Pseudomonas aeruginosa – an environmental bacteria that can cause devastating multidrug-resistant infections, particularly in people with underlying lung conditions – evolved rapidly and then spread globally over the last 200 years, probably driven by changes in human behaviour, a new study has found.


Source: CDC/ Janice Haney Carr

Scanning electron micrograph (SEM) of a number of Pseudomonas aeruginosabacteria.

P. aeruginosa is responsible for more than 500,000 deaths per year around the world, of which over 300,000 are associated with antimicrobial resistance (AMR). People with conditions such as COPD (smoking-related lung damage), cystic fibrosis (CF), and non-CF bronchiectasis, are particularly susceptible.

READ MORE: Scientists uncover mechanism that could weaken virulence of Pseudomonas aeruginosa

READ MORE: Lung organoids unveil secret of how pathogens infect human lung tissue

How P. aeruginosa evolved from an environmental organism into a specialised human pathogen was not previously known. To investigate this, an international team led by scientists at the University of Cambridge examined DNA data from almost 10,000 samples taken from infected individuals, animals, and environments around the world. Their results are published today in Science.

Family trees

By mapping the data, the team was able to create phylogenetic trees – ‘family trees’ – that show how the bacteria from the samples are related to each other. Remarkably, they found that almost seven in ten infections are caused by just 21 genetic clones, or ‘branches’ of the family tree, that have rapidly evolved (by acquiring new genes from neighbouring bacteria) and then spread globally over the last 200 years. This spread occurred most likely as a result of people beginning to live in densely-populated areas, where air pollution made our lungs more susceptible to infection and where there were more opportunities for infections to spread.
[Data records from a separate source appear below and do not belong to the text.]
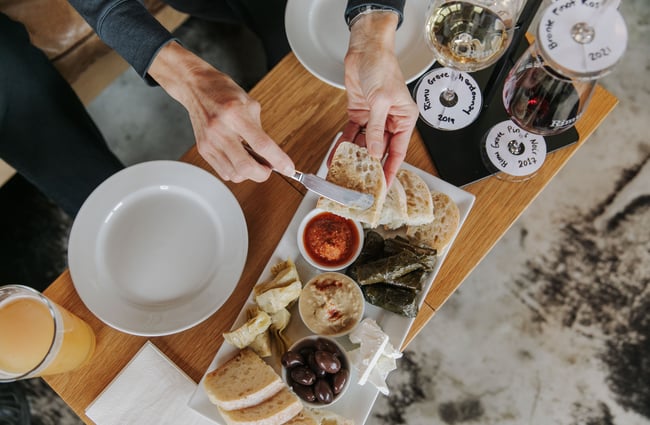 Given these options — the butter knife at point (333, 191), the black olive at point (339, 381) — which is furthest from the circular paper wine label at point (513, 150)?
the black olive at point (339, 381)

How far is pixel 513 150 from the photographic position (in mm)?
1230

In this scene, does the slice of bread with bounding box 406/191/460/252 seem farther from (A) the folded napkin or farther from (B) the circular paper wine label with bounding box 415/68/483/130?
(A) the folded napkin

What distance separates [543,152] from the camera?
1229mm

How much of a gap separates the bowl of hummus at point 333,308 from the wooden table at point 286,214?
15cm

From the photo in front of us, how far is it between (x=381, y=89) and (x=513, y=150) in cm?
38

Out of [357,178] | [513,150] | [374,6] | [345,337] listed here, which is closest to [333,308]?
[345,337]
These epidemic clones have an intrinsic preference for infecting particular types of patients, with some favouring CF patients and other non-CF individuals. It turns out that the bacteria can exploit a previously unknown immune defect in people with CF, allowing them to survive within macrophages. Macrophages are cells that ‘eat’ invading organisms, breaking them down and preventing the infection from spreading. But a previously-unknown flaw in the immune systems of CF patients means that once the macrophage ‘swallows’ P. aeruginosa, it is unable to get rid of it.

Lung environment

Having infected the lungs, these bacteria then evolve in different ways to become even more specialised for a particular lung environment. The result is that certain clones can be transmitted within CF patients and other clones within non-CF patients, but almost never between CF and non-CF patient groups.  
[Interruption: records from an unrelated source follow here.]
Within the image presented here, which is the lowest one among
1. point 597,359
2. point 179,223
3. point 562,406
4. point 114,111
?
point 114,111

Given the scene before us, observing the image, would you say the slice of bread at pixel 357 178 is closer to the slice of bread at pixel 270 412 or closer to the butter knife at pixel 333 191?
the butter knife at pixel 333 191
Professor Andres Floto, Director of the UK Cystic Fibrosis Innovation Hub at the University of Cambridge and Royal Papworth Hospital NHS Foundation Trust, and senior author of the study said: “Our research on Pseudomonas has taught us new things about the biology of cystic fibrosis and revealed important ways we might be able to improve immunity against invading bacteria in this and potentially other conditions.

Worrying ease

“From a clinical perspective, this study has revealed important information about Pseudomonas.  The focus has always been on how easily this infection can spread between CF patients, but we’ve shown that it can spread with worrying ease between other patients, too. This has very important consequences for infection control in hospitals, where it’s not uncommon for an infected individual to be on an open ward with someone potentially very vulnerable.

“We are incredibly lucky at Royal Papworth Hospital where we have single rooms and have developed and evaluated a new air-handling system to reduce the amount of airborne bacteria and protect all patients.”

Dr Aaron Weimann from the Victor Phillip Dahdaleh Heart & Lung Research Institute at the University of Cambridge, and first author on the study, said: “It’s remarkable to see the speed with which these bacteria evolve and can become epidemic and how they can specialise for a particular lung environment. We really need systematic, pro-active screening of all at risk patient groups to detect and hopefully prevent the emergence of more epidemic clones.”

The research was funded by Wellcome and the UK Cystic Fibrosis Trust.